The simulation was performed on a personal computer equipped with an Intel(R) Core i7-12700 CPU and MATLAB 2022a environment. The computer has 64 GB of memory and Matpower version 4.01 installed. The simulation code was executed using the CPU.
5.1. Comparison of Estimation Accuracy and Robustness
SE simulation experiments are conducted using both the traditional WLS method and the proposed FRSEM method in two SCADA measurement scenarios with normal data and with bad measurement. The estimation accuracy and robustness are compared. The MAE for each node is shown in
Figure 7, while the MAE and TIA of the system are presented in
Table 4.
As can be seen from the graphs, WLS and FRSEM can obtain stable results in both scenarios, and the accuracy of each node in the same method and scenario is roughly consistent, staying within a relatively small fluctuation range. Under normal measurement conditions, the voltage-magnitude errors for WLS and FRSEM fluctuate around 0.0210 pu and 0.0029 pu respectively, while the voltage-angle errors fluctuate around 0.0942° and 0.0529°. The estimation performance of FRSEM significantly surpasses that of WLS, especially in terms of voltage-magnitude errors, which are almost an order of magnitude smaller than WLS. When introducing bad measurements into the measurements, the voltage-magnitude errors of the system in WLS show significant increases, while the voltage-angle errors exhibit larger fluctuations; but, the overall errors remain nearly unchanged. On the other hand, most nodes in FRSEM maintain unchanged voltage-magnitude errors, with only a few nodes showing minor increases.

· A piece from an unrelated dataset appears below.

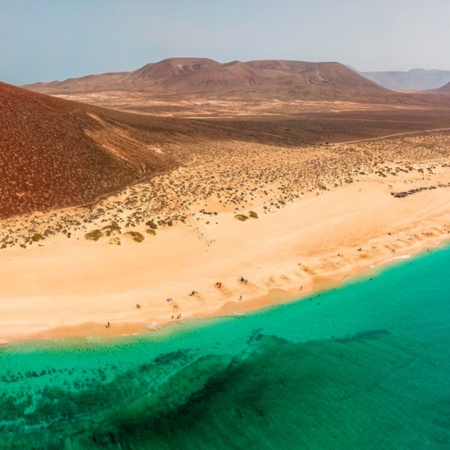 Veduta di La Graciosa, Isole Canarie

The voltage-angle errors of each node also experience some increases, but the overall phase-angle error is still much smaller than WLS. Additionally, FRSEM possesses the capability of topology identification, which is not present in conventional WLS. It accurately identifies the system’s topology in both scenarios.
The experiments demonstrate that FRSEM achieves higher estimation accuracy and robustness compared to WLS, confirming the expected results. This is because traditional WLS is essentially a probabilistic estimation model that relies on known measurement-error probability distributions to infer the most probable system-state distribution. The estimation accuracy is limited within a certain range due to fixed measurement-error sizes. Furthermore, when bad measurement disturbs the correct measurement-error distribution, the estimation accuracy decreases significantly. Unlike traditional WLS, the FRSEM proposed in this paper utilizes NNs as its core component. It directly trains the network using the true system states, establishing a stronger correlation between measurement values and true values. Moreover, the inherent filtering of NNs helps reduce the impact of bad measurement, resulting in better performance than traditional WLS in both scenarios.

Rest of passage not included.